Le plaisir de parler
Pour parler du langage, nous avons dialogué avec Flora Dumoulin, psychologue du développement
et formatrice auprès des professionnels de la petite enfance. C’est elle qui a tout de suite évoqué le plaisir !
Le tout-petit est encouragé à parler lorsque plusieurs conditions se trouvent réunies. L’attachement d’abord : le dialogue s’instaure plus
naturellement si l’enfant a confiance dans la disponibilité de l’adulte qui est sa figure d’attachement et si l’adulte considère l’enfant comme un être à part entière.
La diversité des milieux dans lesquels le tout-petit grandit est aussi un facteur essentiel. Car l’enfant « sur-protégé », qui n’a qu’une figure d’attachement et une vie sociale pauvre est moins autonome, met moins de distanciation entre lui et le monde.

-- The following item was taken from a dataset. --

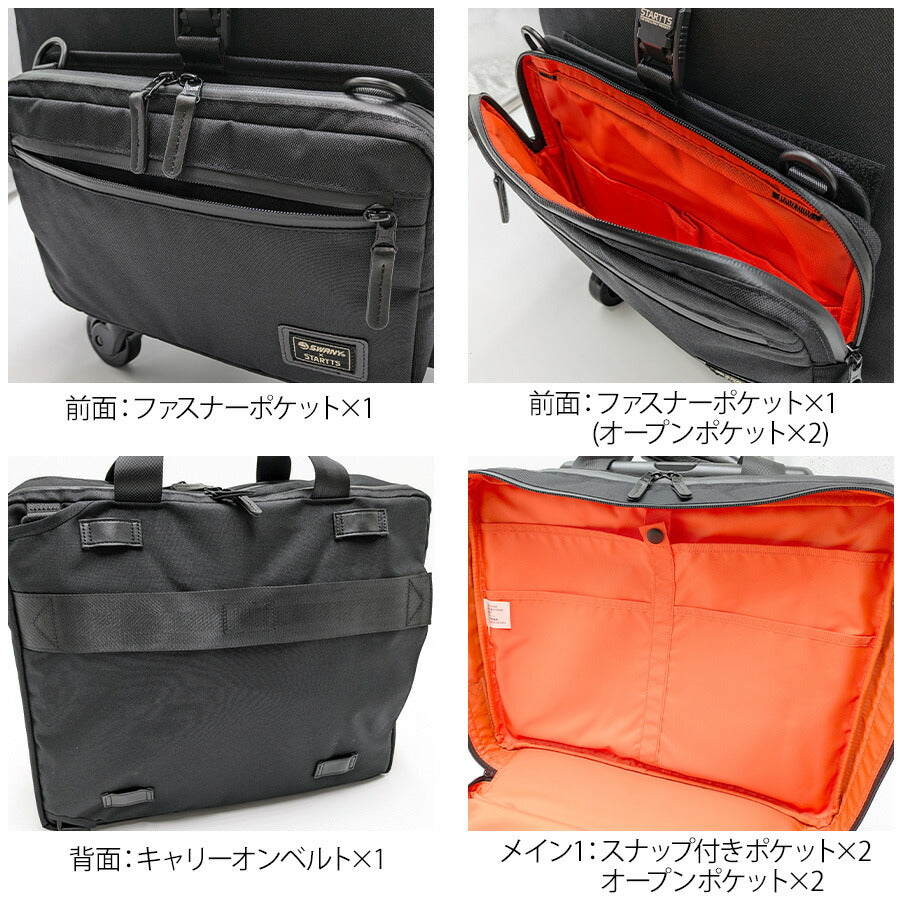 【SWANY】b500-m21 キャリーバッグ ショッピングキャリー お買い物キャリー 鞄 バッグ ブランド スワニー プレゼント 贈り物 ギフト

Le besoin de parler se fait moins sentir, puisque l’adulte est là, et anticipe ses besoins. Un adulte trop présent, qui répond aux moindres désirs du tout- petit sans délai, éteint toute frustration chez l’enfant et donc tout besoin de s’exprimer, d’affirmer sa personnalité et de se faire entendre : pour réclamer, contester, approuver…
Ensuite, pour que l’enfant commence à parler, il doit prendre conscience de lui-même, du rôle actif qu’il peut jouer dans le dialogue. Cette conscience vient avec la motricité et le regard de l’adulte, sa manière de considérer le tout-petit. La motricité d’abord : Flora Dumoulin
nous explique qu’à chaque progrès moteur du tout-petit, l’enfant développe sa conscience de lui-même et des autres.

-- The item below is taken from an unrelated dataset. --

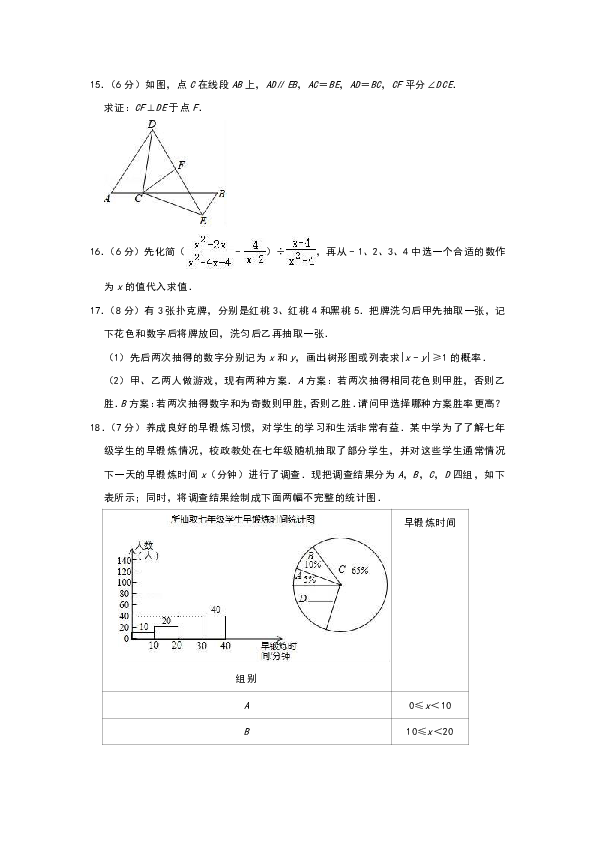 云南省玉溪市易门县2020年中考数学模拟试卷（解析版）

La distance qu’il découvre entre lui et les autres l’incite à parler. Puisque maman est dans la cuisine et qu’elle ne vient pas tout de suite me prendre dans ses bras, je vais l’appeler.

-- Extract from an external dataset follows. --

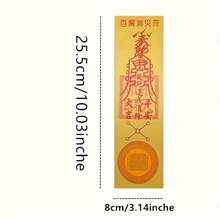 10 lá bài bùa hộ mệnh phong thủy truyền thống Trung Quốc, bùa may mắn Phật giáo Đạo giáo mang lại sự bảo vệ, tài lộc và bình an. - A - Xem 3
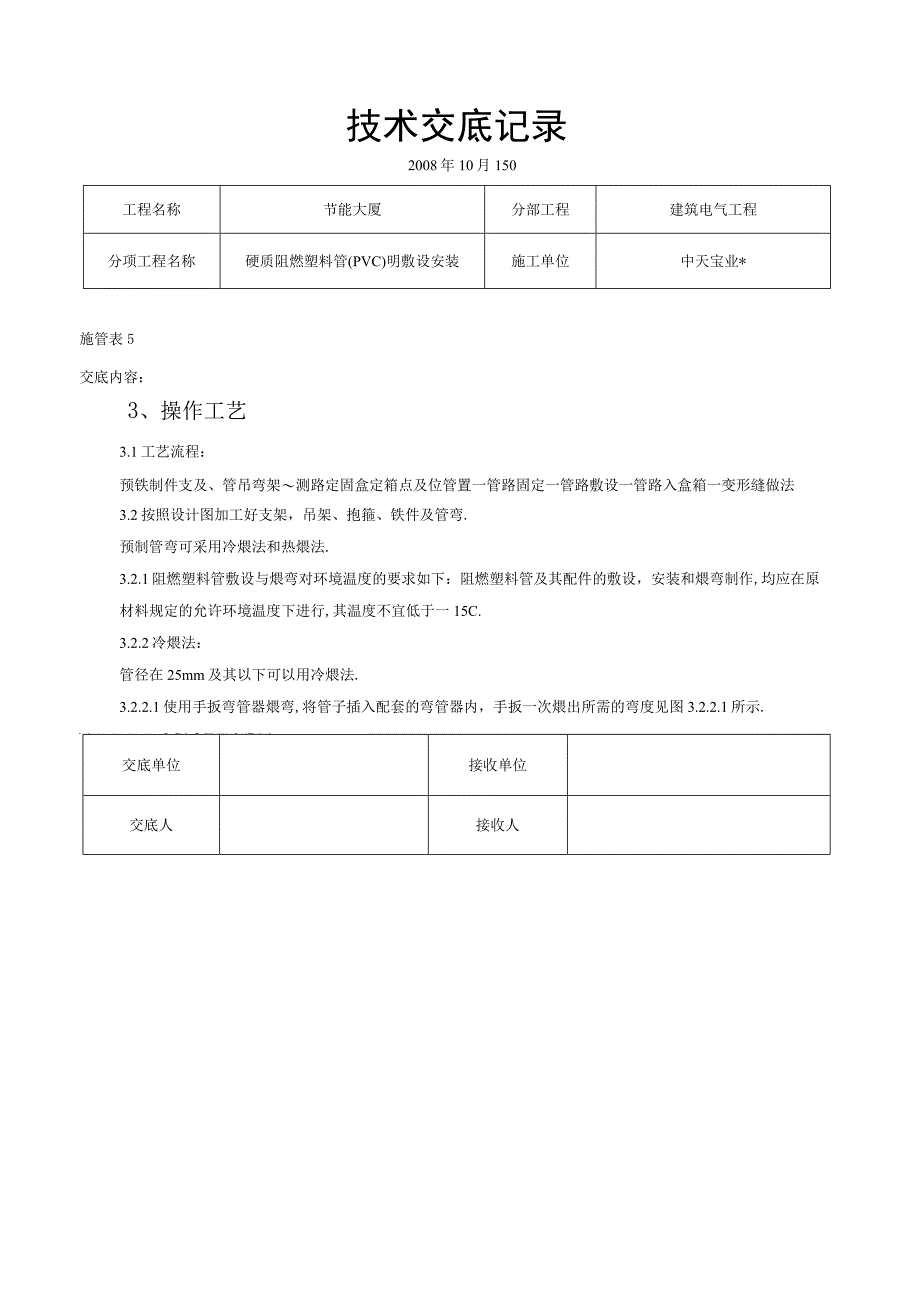 硬质阻燃塑料管PVC明敷设安装交底记录工程文档范本.docx_第2页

Les mots de Flora Dumoulin : « L’enfant construit sa conscience de soi lentement, à travers un grand nombre d’expériences, notamment corporelles répétées quotidiennement (…) Cette perspective laisse à penser que les grandes étapes du développement moteur constituent une immense avancée dans le processus d’individuation. Commencer à s’assoir, à se déplacer, à se mettre debout, à marcher, c’est redécouvrir son environnement tout en se redécouvrant soi-même sous d’autres perspectives, avec de nouvelles compétences, de nouvelles sensations et intentions.
Le mouvement peut donc être considéré comme source de conscience ou connaissance de soi ». Le mouvement pousse le tout-petit à parler.
Un environnement favorable à l’émer- gence de la parole implique une certaine posture de l’adulte. Celui-ci se doit de s’adresser au tout-petit comme à un interlocuteur. Il ne s’agit pas là de
bavardage ou de bruit de fond, mais d’un dialogue qui fait comprendre à l’enfant qu’on attend de lui une réponse, qu’il est là dans une relation.
L’enfant apprend à parler quand on lui a fait comprendre qu’il avait son mot à dire. Car en s’adressant à l’enfant comme à un être entier, on encourage sa prise de conscience de sa personnalité. Plutôt que de parler à tort et à travers, il convient de dialoguer avec lui et d’employer le tu.
« Dialoguer avec lui, même lorsqu’il n’a pas encore les mots, l’aide à se penser comme acteur de l’échange verbal » dit encore Flora Dumoulin.
Le grand moteur du langage, le plaisir, voire le rire.
Lorsque le tout-petit voit ses copains rire à la lecture d’une histoire par exemple, il a envie de rire lui aussi et d’utiliser le langage pour faire rire.
L’enfant ne se met pas à parler pour faire comme l’adulte mais plutôt parce qu’il y voit un intérêt. Celui de rire par exemple, mais aussi celui de se faire comprendre ou d’exprimer ses émotions.
Donc en général, l’enfant parle avec plaisir.